## INPUT
|---|
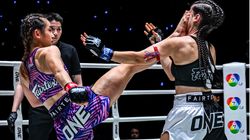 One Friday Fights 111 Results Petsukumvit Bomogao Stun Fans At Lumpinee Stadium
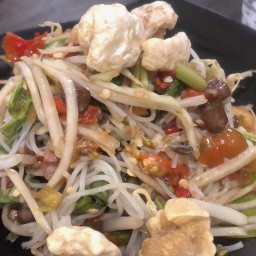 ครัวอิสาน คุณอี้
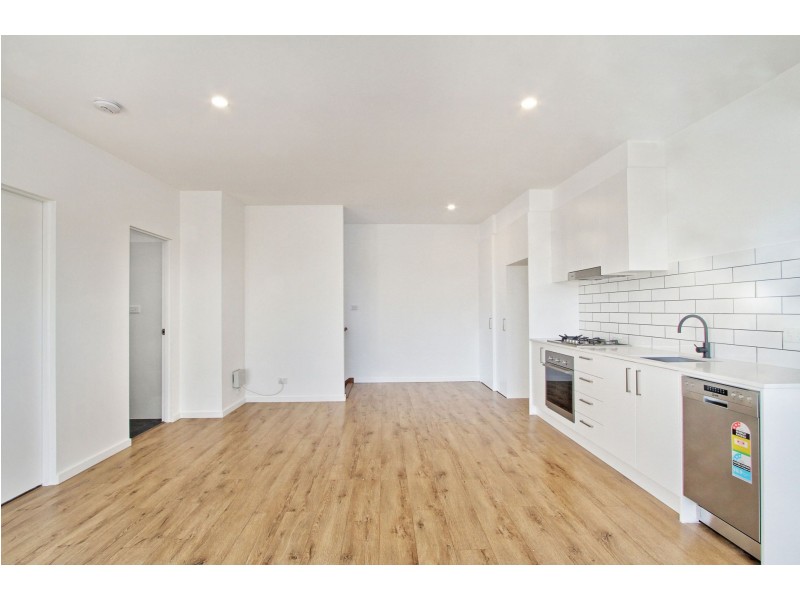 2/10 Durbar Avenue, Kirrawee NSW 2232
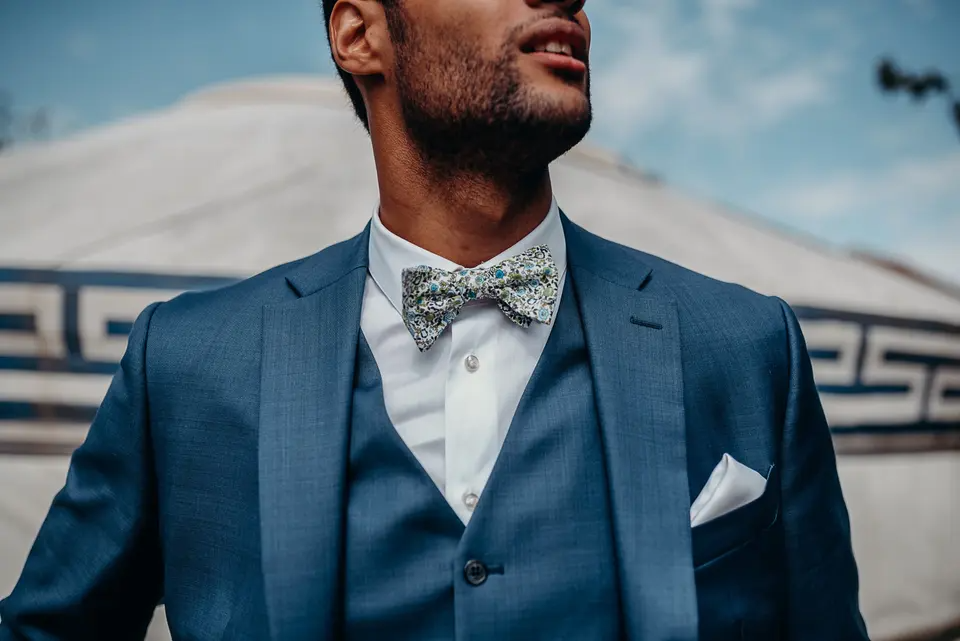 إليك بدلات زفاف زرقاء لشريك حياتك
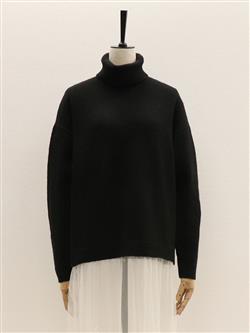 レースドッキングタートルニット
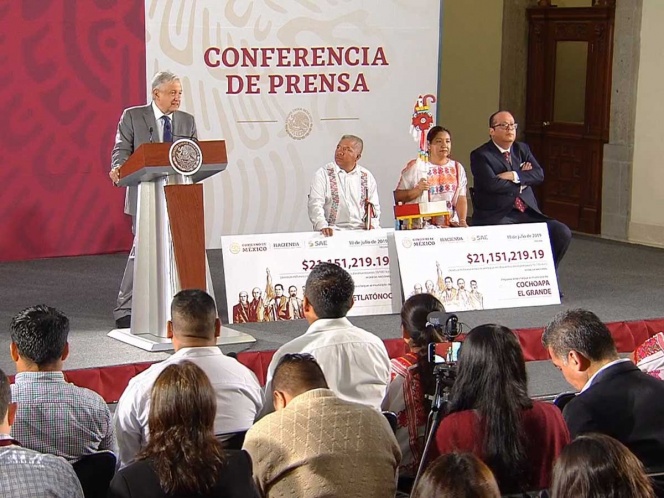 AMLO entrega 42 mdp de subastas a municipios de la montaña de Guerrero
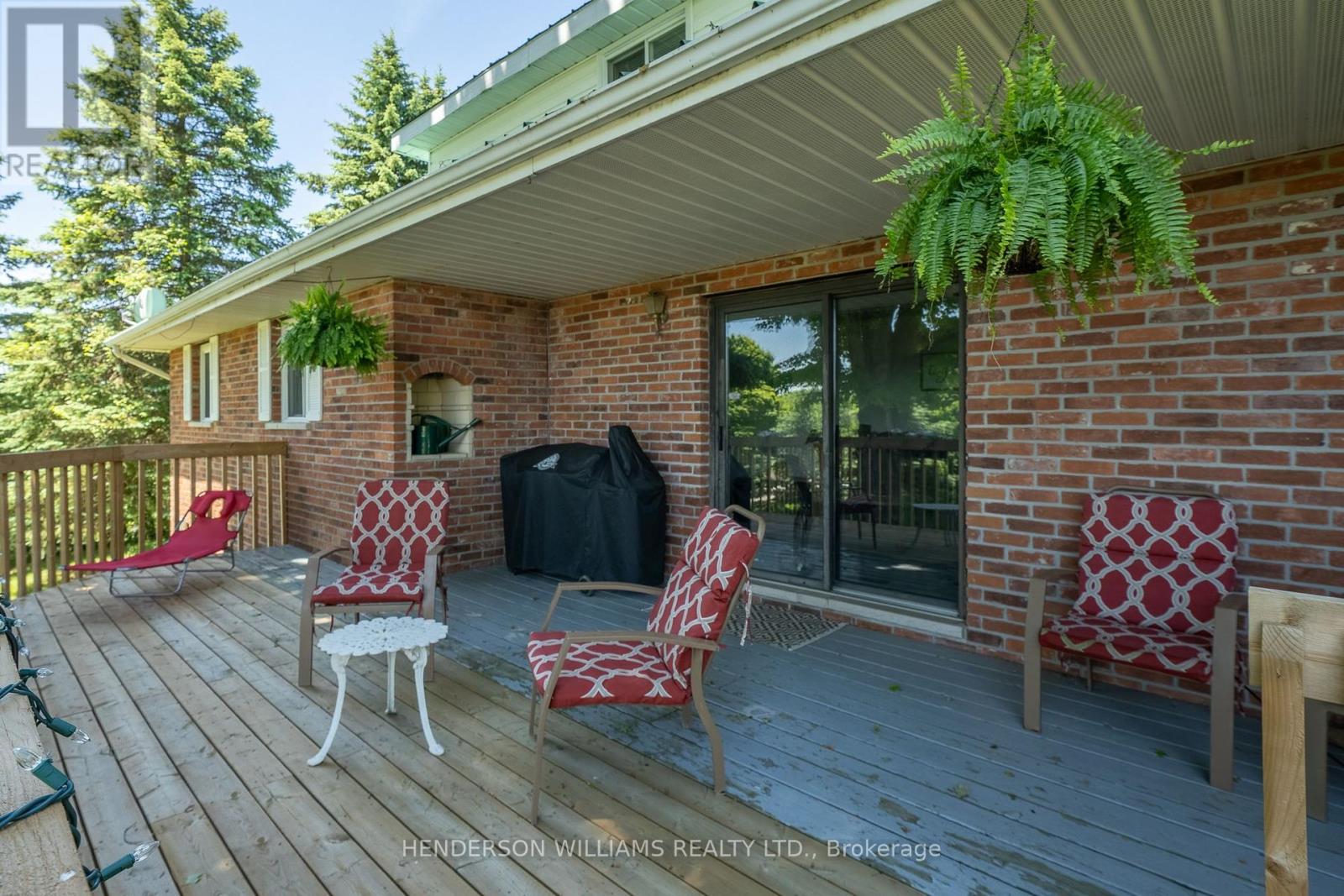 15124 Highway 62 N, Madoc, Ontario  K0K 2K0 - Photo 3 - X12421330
|---|
Leave out the pictures, and please output only the lines from the line that contains "إليك بدلات زفاف زرقاء لشريك حياتك" through the end of the data, both ends included.

 إليك بدلات زفاف زرقاء لشريك حياتك
 レースドッキングタートルニット
 AMLO entrega 42 mdp de subastas a municipios de la montaña de Guerrero
 15124 Highway 62 N, Madoc, Ontario  K0K 2K0 - Photo 3 - X12421330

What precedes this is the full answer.